Let the memory of Dennis be with us forever
  • 26 years old
  • Born on January 24, 1985 .
  • Passed away on March 31, 2011 .

When a mother loses her son, a part of her soul is removed that can never be replaced. I was not created in a way to lose you, Danny, and as time moves forward since you were taken from us, a part of me remains, and will always remain, the mother of a little boy, a great son, a loving brother, and a father whose son meant everything to him.

Even as a little boy, you were taking care of everyone. You seemed to have a natural ability to always be looking out for your sister and I. Even in those times you made typical little boy bad decisions, I couldn’t get mad at you. You’d flash that smile you had, and I’d know your heart was in the right place. If I actually caught you doing something wrong, you never could fib your way out of it, because your smirk would give you away. I miss that smile. It was a smile that said, “Catch me if you can.”

I would always know when you’d been with friends because you’d come home wearing that beautiful smile. You loved your friends and were always the first to offer them a smile when they were down.

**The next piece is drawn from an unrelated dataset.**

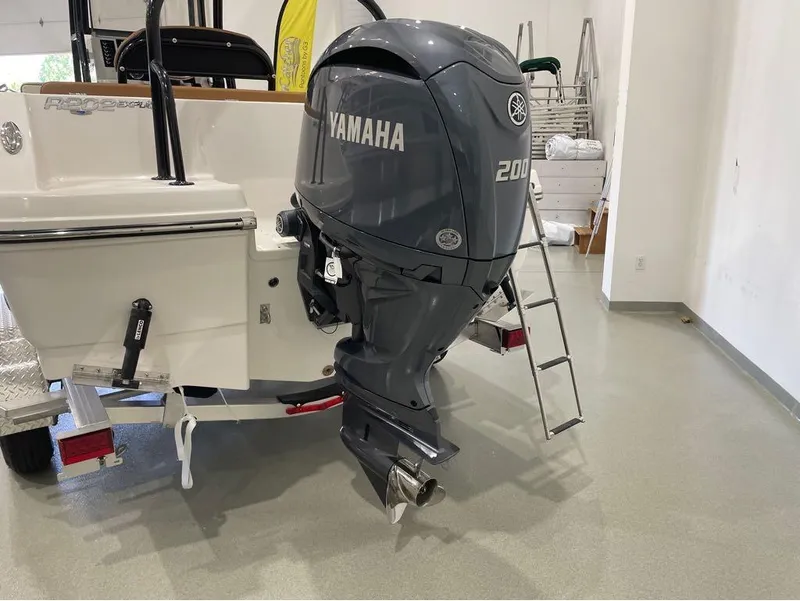 Slide: The Image of Robalo R202 Explorer 2025 - 4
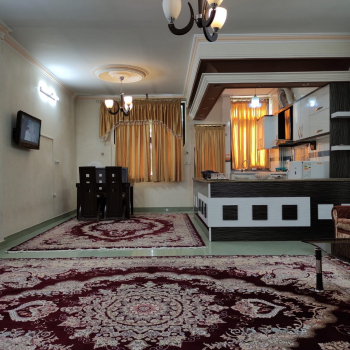 واحد لوکس و مبله در محدوده حرم با قیمت مناسب اتاق پذیرایی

Your giving heart was connected to your smile. I remember that smile the day I found out you’d lost your coat. I was so angry thinking you’d just carelessly left it or had it stolen. When I finally got out of you that you’d given a girl on the street your coat because she was cold, I knew your heart was in the right place and I knew you were telling me the truth because I could see it in your smile.

You offered your smile to everyone. You were always sensitive about everyone else’s feelings, and offered that smile to lift them up. You never fought. Rather than hurt anyone, you worked to straighten things out to spare other’s feelings. When backed into a corner, however, you had courage to stand up for yourself.

While I will always treasure you in my heart as my own, I know your heart belonged to your son. You believed your greatest accomplishment was becoming a father, and it was the single most important thing in your life. You were scared at first, but you stepped up to take care of your son the way a father should, even though that meant having to quit school to help pay the bills. I was so very proud of you when you went back and got your GED, just as you had promised me. You were the kind of responsible role model a son should have, even though you didn’t have the role model of a father to follow when you grew up.

Being responsible is why you joined the Army. While you wanted to defend your country and keep do your part to keep it safe, you mostly joined for the opportunity to help your family and provide medical benefits for your son. You volunteered to give up a year with your family and deploy to Afghanistan as a way to help them.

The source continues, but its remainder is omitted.